───── Data extracts

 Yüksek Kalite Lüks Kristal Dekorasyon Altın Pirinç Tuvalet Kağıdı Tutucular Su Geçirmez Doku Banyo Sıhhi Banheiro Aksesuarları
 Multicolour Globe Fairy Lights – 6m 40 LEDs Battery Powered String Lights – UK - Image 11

──────────
───── Data extracts

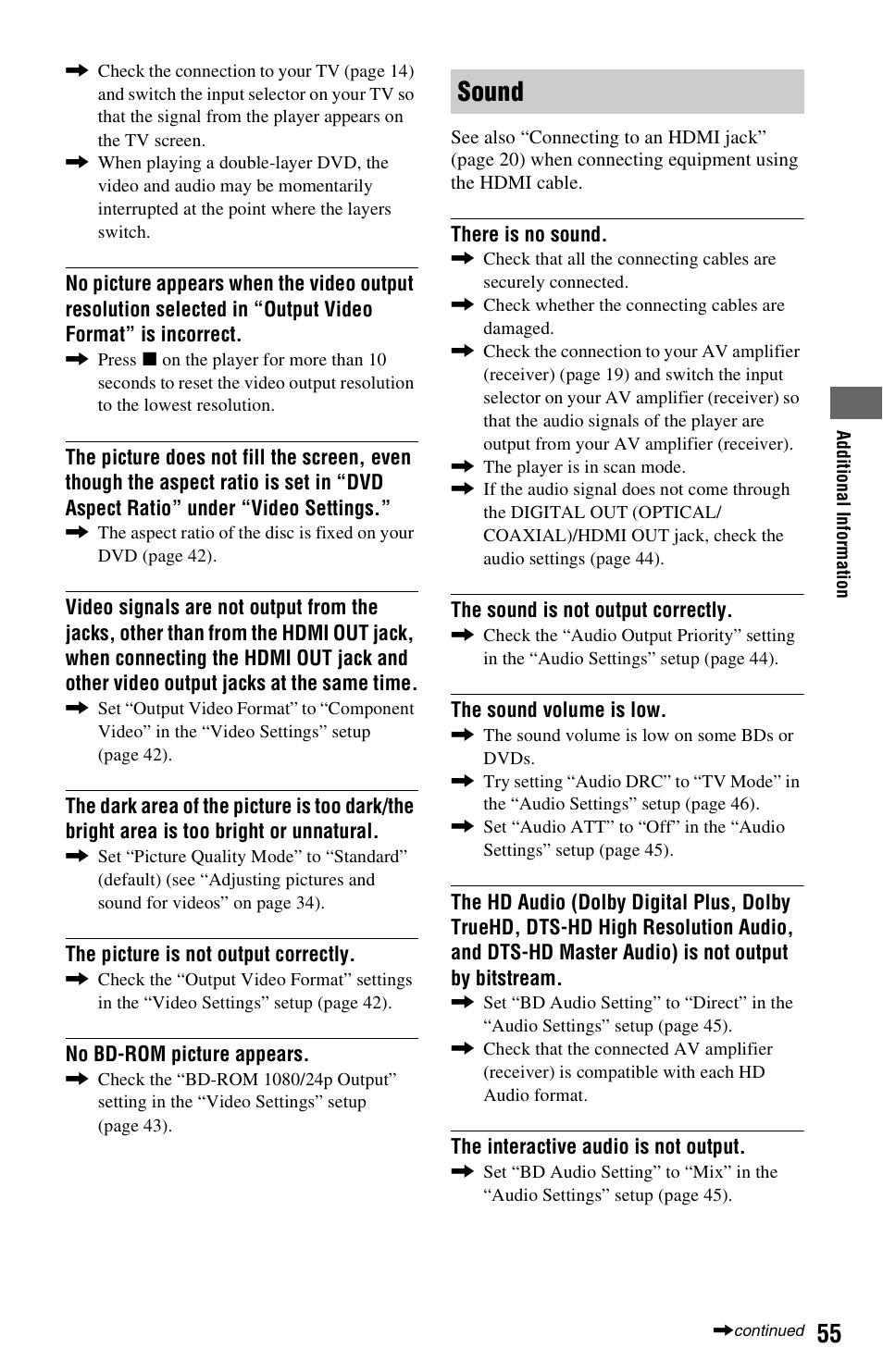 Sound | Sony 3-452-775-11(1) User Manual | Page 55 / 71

──────────
───── Data extracts

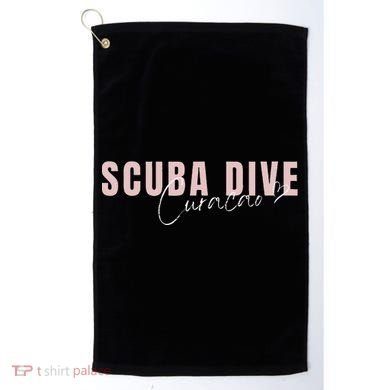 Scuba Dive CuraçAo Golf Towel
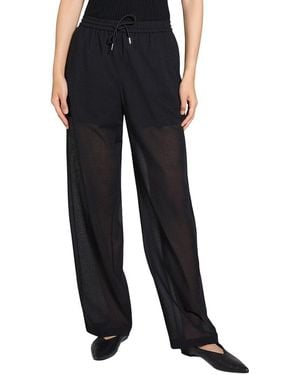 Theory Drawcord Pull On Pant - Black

──────────

◆ **Work to complete**
Every line above from the line with "Yüksek Kalite Lüks" to the line with "Multicolour Globe Fairy", both included, must be reproduced exactly, and no other line may appear.

◆ **Solution to this exercise**
 Yüksek Kalite Lüks Kristal Dekorasyon Altın Pirinç Tuvalet Kağıdı Tutucular Su Geçirmez Doku Banyo Sıhhi Banheiro Aksesuarları
 Multicolour Globe Fairy Lights – 6m 40 LEDs Battery Powered String Lights – UK - Image 11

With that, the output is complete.